Less silly way to get number of iterations of Relax

3 posts / 0 new
Last post
Less silly way to get number of iterations of Relax
#1

Currently to get the number of iterations a mover, such as FastRelax does, I enable the dump_trajectory scoretype and count the models in the PDBs (code below).

This seems very very weird way of doing this, so I was wondering if there is a less silly way of doing this?

Also, is there a direct way to open a multimodel file say to get the scores of each? (Rather than extracting the models, writing to file, reading them into PyRosetta and scoring them).

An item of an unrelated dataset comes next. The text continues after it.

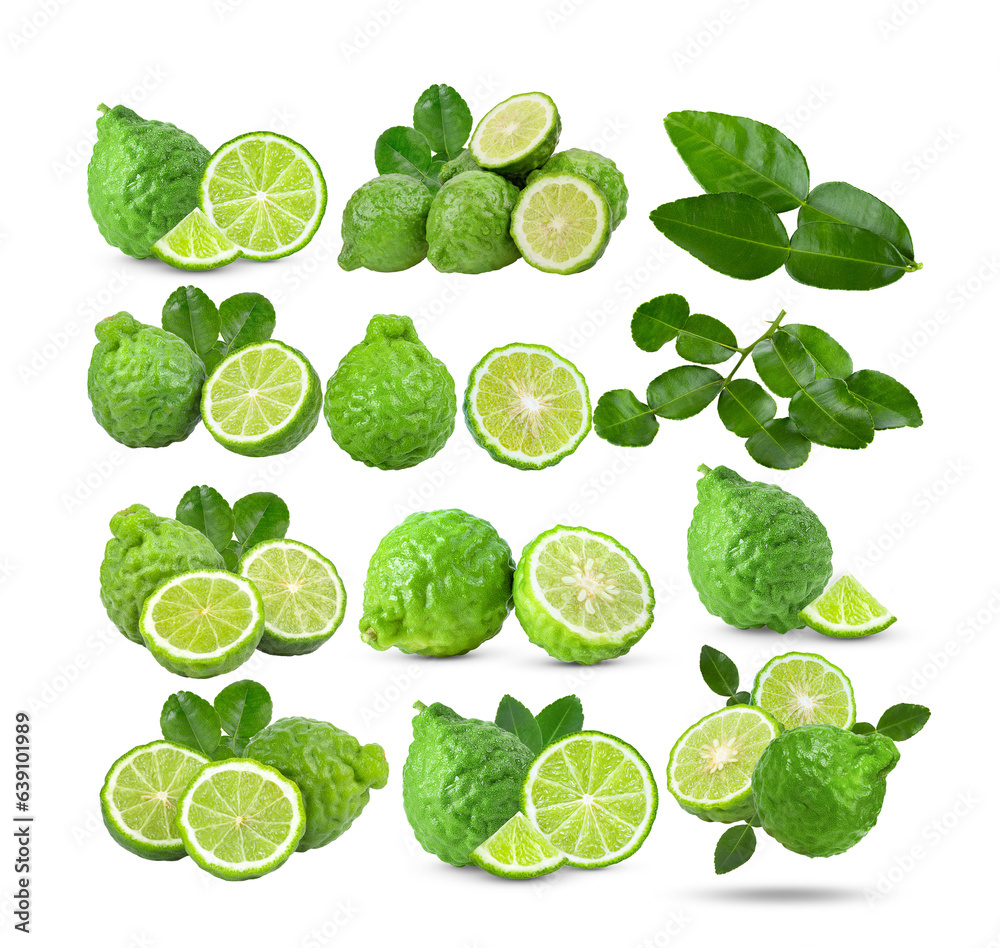 bergamot or kaffir  on transparent png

# ============ Methods ======================================
DumpTrajectoryEnergy = pyrosetta.rosetta.core.energy_methods.DumpTrajectoryEnergy
#formerly: DumpTrajectoryEnergy = pyrosetta.rosetta.core.scoring.util_methods.DumpTrajectoryEnergy
def enable_trajectory(scorefxn: pyrosetta.ScoreFunction,
                      prefix:str='pose',
                      stride:int=100,
                      gz:bool=False) -> DumpTrajectoryEnergy:
    dt_st = pyrosetta.rosetta.core.scoring.ScoreType.dump_trajectory
    scorefxn.set_weight(dt_st, 1)
    # ----- make the traj dump less intense -----
    # settable by cmd line options... maybe better
    old_traj_energy = [k for k in scorefxn.all_methods() if isinstance(k, DumpTrajectoryEnergy)][0]
    scorefxn.all_methods().remove(old_traj_energy)
    emo = pyrosetta.rosetta.core.scoring.methods.EnergyMethodOptions()
    if gz:
        # emo.dump_trajectory_gz(True)
        raise RuntimeError('this just outputs a text file with gz suffix... (?!)')
    emo.dump_trajectory_prefix(prefix)
    emo.dump_trajectory_stride(stride)
    new_traj_energy = DumpTrajectoryEnergy(emo)
    scorefxn.all_methods().append(new_traj_energy)
    return new_traj_energy

import os, gzip, re, pathlib, datetime
import pandas as pd

def get_traj_interations(prefix:str) -> pd.DataFrame:
    raw_trajs = []
    for file in os.listdir():
        if re.match(prefix, file):
            with  open(file,'r') as fh:
                file_content=fh.read()
            modstamp = pathlib.Path(file).stat().st_mtime
            modtime = datetime.datetime.fromtimestamp(modstamp)
            models = re.findall('MODEL', file_content)
            raw_trajs.append(dict(filename=file,
                               time=modtime,
                               n_models=len(models))
                            )
    trajs = pd.DataFrame(raw_trajs).sort_values('time')
    cat_df = uncontrajs.filename.str.extract(r'_([^_]+)\.pdb')
    trajs['short_name'] =  cat_df[0] + '_' + cat_df.groupby([0]).cumcount().add(1).astype(str)
    return trajs

# ============ Run ======================================
experiment_name = 'test123'
scorefxn = pyrosetta.get_fa_scorefxn()
new_traj_energy = enable_trajectory(scorefxn=scorefxn,
                      prefix=experiment_name,
                      stride=10_000)
relax = pyrosetta.rosetta.protocols.relax.FastRelax(scorefxn, 3)
relax.apply(pose)
trajs = get_traj_interations(experiment_name)
trajs.head()
  filename time n_models short_name
43 test_unconstrained__20210720141946221_score.pdb 2021-07-20 14:19:46.429851 4 score_1
27 test_unconstrained__20210720141946966_pack.pdb 2021-07-20 14:19:48.854521 28 pack_1
67 test_unconstrained__20210720141949017_score.pdb 2021-07-20 14:19:49.172959 4 score_2
30 test_unconstrained__20210720141949412_min.pdb 2021-07-20 14:19:52.569970 8 min_1
95 test_unconstrained__20210720141952687_score.pdb 2021-07-20 14:19:52.815413 4 score_3
Category: 
Post Situation: 
Tue, 2021-07-20 07:00
matteoferla

I'd back up for a minute and ask what you're looking to use this information for. Usually you just count the number of apply()'s of whatever top-level mover you're using as the number of iterations, and treat what things happen internally as something of a black box (modulo whatever settings are exposed by the configuration of the top-level mover). If you have particular reasons to dig deeper into the internals, you have to carefully define the bounds of what you're interested in monitoring, because depending on what you're doing, you might count as "changes" things which aren't actually the steps/iterations you're interested in, or you may miss some of the desired steps which are done "externally" or separately.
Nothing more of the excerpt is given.